Background. Recurrence of hepatitis C virus (HCV) infection after liver transplantation is universal, but the relationship between hepatitis C genotype and posttransplant outcome has been controversial. The aim of this study was to assess the relationship between hepatitis C genotype on posttransplant frequency of recurrent hepatitis, histologic severity of recurrence, and progression to cirrhosis. Methods. We studied 42 HCV RNA positive patients who received transplants between 1985 and 1994. Sera were tested for HCV RNA and protocol liver biopsies were in obtained the posttransplant period. Biopsies were scored according to the histologic activity index (HAI) and staged in a blinded fashion. Results. The distribution of hepatitis C genotypes distribution was as follows: 1a, 19 (45%); 1b, 17 (40%); 2b, 3 (7%); and 1 each of 2a, 3a, and 4a. There was histologic evidence of hepatitis in 38 of 42 (90.4%) of patients. Hepatitis C was mild, moderate, or severe (HAI>3) in 38% of grafts and minimal (HAI 0-3) in 62%. Overall HAI scores and histologic stage were higher in the genotype 1b group. Six of 17 (35%) genotype 1b patients had cirrhosis compared with 2 of 25 (8%) in the non-1b genotype group.
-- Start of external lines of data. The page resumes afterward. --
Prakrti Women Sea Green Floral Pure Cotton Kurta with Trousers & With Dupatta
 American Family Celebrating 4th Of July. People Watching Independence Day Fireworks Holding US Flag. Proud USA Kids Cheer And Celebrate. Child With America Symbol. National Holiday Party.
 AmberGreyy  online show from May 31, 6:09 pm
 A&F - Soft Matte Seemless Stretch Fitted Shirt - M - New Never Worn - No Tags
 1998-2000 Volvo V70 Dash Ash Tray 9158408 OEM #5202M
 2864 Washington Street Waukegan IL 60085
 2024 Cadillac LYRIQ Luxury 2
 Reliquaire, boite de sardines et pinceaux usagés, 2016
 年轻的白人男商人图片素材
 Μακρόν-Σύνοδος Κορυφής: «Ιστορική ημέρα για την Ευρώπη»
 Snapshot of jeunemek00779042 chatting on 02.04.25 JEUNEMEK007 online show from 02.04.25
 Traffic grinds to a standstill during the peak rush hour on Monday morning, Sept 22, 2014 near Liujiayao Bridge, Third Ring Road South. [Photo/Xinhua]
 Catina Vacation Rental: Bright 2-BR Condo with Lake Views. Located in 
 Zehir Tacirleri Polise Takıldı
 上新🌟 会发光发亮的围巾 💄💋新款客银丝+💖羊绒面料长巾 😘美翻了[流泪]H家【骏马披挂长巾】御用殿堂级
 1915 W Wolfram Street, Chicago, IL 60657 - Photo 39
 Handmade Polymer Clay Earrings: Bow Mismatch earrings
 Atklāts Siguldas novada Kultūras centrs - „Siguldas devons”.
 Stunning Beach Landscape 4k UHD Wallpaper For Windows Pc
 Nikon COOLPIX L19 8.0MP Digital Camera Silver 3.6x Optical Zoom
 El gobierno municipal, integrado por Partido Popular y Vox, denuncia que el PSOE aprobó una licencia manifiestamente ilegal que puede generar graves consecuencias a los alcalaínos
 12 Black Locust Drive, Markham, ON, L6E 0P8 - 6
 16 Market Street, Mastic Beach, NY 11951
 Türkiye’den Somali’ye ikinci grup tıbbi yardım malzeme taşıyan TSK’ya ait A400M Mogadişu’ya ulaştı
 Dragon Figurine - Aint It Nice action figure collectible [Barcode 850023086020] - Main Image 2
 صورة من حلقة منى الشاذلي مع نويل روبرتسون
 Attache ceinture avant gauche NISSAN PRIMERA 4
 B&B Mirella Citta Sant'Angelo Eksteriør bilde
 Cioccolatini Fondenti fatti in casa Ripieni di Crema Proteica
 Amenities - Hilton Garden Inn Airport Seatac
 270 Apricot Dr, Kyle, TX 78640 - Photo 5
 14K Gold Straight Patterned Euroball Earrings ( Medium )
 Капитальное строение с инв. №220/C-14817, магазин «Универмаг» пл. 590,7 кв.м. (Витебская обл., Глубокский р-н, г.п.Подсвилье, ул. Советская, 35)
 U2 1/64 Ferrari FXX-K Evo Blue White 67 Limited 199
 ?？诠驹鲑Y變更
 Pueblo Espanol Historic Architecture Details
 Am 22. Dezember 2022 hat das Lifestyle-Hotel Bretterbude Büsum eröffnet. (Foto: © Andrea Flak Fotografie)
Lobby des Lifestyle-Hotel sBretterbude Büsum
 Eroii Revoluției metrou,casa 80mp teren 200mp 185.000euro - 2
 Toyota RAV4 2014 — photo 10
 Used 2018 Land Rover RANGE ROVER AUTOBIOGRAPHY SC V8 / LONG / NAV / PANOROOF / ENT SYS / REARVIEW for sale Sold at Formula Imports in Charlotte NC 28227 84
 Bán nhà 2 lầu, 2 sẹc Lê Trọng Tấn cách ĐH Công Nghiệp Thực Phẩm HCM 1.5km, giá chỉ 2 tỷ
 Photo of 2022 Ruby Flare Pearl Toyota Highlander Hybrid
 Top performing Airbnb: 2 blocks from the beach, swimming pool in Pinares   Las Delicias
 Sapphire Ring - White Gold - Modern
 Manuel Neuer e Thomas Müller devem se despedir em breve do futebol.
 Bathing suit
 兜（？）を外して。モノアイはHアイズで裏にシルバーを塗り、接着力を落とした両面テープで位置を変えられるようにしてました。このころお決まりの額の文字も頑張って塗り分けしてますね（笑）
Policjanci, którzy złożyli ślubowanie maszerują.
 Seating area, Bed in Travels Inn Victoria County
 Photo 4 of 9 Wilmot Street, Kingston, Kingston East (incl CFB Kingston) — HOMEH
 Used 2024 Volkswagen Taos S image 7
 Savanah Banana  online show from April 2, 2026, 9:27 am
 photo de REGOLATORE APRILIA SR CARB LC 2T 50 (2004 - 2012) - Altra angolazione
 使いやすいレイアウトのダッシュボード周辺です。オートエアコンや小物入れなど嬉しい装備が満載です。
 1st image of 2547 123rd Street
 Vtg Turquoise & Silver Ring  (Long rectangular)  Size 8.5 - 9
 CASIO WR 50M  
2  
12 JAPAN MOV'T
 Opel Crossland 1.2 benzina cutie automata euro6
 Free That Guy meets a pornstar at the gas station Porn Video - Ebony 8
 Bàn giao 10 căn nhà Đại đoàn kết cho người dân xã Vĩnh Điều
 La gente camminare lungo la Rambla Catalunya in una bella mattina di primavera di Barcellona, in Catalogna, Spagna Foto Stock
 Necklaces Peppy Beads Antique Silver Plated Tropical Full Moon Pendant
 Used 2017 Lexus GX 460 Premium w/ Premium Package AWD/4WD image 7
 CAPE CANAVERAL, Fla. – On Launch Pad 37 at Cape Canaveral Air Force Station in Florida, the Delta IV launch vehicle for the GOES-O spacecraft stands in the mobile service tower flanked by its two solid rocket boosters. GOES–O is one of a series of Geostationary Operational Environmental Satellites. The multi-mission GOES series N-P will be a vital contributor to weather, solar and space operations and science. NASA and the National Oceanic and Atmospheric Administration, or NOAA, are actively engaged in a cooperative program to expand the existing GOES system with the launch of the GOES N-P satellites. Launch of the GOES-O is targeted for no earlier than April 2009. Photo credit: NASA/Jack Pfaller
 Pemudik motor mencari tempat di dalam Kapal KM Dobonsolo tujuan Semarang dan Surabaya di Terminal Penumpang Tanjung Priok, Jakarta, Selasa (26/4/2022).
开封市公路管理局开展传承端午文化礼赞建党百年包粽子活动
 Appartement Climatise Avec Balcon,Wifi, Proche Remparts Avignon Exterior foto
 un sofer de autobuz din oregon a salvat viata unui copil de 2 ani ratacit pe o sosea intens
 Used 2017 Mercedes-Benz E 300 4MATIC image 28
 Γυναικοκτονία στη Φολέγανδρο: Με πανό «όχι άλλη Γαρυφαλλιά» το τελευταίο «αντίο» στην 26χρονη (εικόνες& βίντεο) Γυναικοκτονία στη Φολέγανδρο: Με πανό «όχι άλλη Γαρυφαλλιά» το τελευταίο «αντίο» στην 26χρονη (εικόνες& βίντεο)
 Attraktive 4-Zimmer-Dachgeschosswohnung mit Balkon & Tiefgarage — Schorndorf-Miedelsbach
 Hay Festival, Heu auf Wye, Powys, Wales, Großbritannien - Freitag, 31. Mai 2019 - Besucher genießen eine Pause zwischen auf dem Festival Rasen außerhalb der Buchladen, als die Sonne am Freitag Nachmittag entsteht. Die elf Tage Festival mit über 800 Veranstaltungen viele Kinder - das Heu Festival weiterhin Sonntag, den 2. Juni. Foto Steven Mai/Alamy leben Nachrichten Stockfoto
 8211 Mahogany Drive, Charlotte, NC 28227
Conclusions. (1) Histologic evidence of recurrent hepatitis C is seen in 90% of liver allografts; (2) Histologic hepatitis C recurs with similar frequency in genotype 1b and non-1b recipients; (3) Genotype 1b is associated with more severe histologic disease recurrence than non-1b genotypes; (4) Genotype 1b appears to be associated with a higher degree of posttransplant fibrosis and cirrhosis than non-1b genotypes.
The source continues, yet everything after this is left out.